Day 44 and more chance meetings in the green reserve, filling up the well of emptiness that sometimes oppresses me. It is not depression exactly, it’s more a vacuum, a hole that opened inside me in childhood when first my brother died and next my father and the losses that cut our family in half, sent my dear beautiful mother into a deep grief that lasted for some years. Thank goodness there was family — grandparents and aunts and uncles and cousins and family friends — who through all that time, still even now, gathered in close. I see them in a ring, holding hands around us, their shadows long on the grass, keeping us safe.
Most of the time this vacuum stays sealed but losses in the present, big changes, uncertainty, loneliness, any of those forces can trigger the feeling. Given that the condition of being human makes us vulnerable to pretty much all of those things, I fully expect the void will accompany me to the end. I’ve accepted that because there are riches too, all the creative pursuits which were nurtured by my mother for one thing and her love of the natural world and teaching me nature appreciation, her friendliness and warmth they have eased the path. I’m making it sound simple and it isn’t.
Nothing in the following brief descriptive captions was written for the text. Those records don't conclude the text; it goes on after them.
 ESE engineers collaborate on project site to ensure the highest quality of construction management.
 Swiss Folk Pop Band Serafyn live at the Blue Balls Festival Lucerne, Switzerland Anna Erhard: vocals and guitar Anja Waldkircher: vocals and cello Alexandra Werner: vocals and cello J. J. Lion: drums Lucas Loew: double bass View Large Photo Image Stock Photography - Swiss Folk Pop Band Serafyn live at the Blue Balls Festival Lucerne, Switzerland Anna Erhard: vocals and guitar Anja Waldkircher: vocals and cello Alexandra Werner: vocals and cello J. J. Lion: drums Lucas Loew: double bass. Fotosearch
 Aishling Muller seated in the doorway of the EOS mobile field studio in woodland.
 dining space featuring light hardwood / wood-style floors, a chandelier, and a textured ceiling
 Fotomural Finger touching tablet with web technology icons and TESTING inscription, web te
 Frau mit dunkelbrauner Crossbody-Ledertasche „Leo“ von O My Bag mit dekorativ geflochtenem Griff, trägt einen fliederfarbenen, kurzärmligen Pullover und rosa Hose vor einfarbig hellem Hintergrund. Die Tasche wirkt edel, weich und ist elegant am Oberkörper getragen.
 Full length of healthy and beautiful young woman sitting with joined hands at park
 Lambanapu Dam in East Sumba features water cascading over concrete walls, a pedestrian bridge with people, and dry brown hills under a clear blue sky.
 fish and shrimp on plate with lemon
The park is getting busier. I had reached the bottom of the circular walk yesterday, when I saw a man across the grass, near the start of the rock-lined path that winds through the trees. He was standing very still eyes trained on something. I crossed the park quietly and a little uncertainly for he was dressed in rather unusual gear — old white overalls, clean but dull from lots of washing. They were tucked into dark grey gumboots. The frames of his glasses were dark and rectangular, the kind that a scientist might wear, or a professor and he had on a hat, made from soft cotton, the dark blue colour had faded to a washed out blue-grey. And this was interesting, he was holding about fifteen bright green beans in one hand. I wasn’t sure what to do so I asked him what he was looking at. ‘A partridge,’ he said, ‘over there.’ I looked but I couldn’t see it, anywhere. I wondered if it was real. There was a shade structure with a roof blocking my view though. By the time I reached him it had gone. ‘It was over there where that sparrow is now,’ he said, smiling at me.
I didn’t used to be this curious, or is it nosy, I’m unsure. Neither did I strike up conversations with strangers but it seems that in the time of coronavirus I throw caution to the wind and open my mouth and the questions fall out. I learned that he lives in the house beyond the karo trees on the corner of the park. a very pleasant man, a retired scientist from the School of Biological Sciences at the University of Auckland. He didn’t tell me this at the time, but I googled him later and discovered that some years ago he received funding to trace the origins of human influenza by studying traces of the virus in Adelie penguin dung samples in Antarctica.
‘You’ve been picking beans,’ I said. And that’s when I discovered he is one of four gardeners who tend the community gardens on the edge of the park. I’ve often looked through the mesh fence and admired the musky mauve flowers of the cosmos, the scarlet geraniums in their raised beds, the salad greens and herbs and I’ve wondered about the good people who grow things for the benefit of a community. Apparently I’m welcome to join. They need new members. I also learned he is a beekeeper. That’s why he was dressed in overalls and why they were tucked into his boots.
Later at home I opened my inbox and there was an email from the scientist. It had come via the contact page on my website. He’d sent me links to three writers, a Swedish journalist and a couple, both of whom write, who live further down the street from the park. Four writers in two days.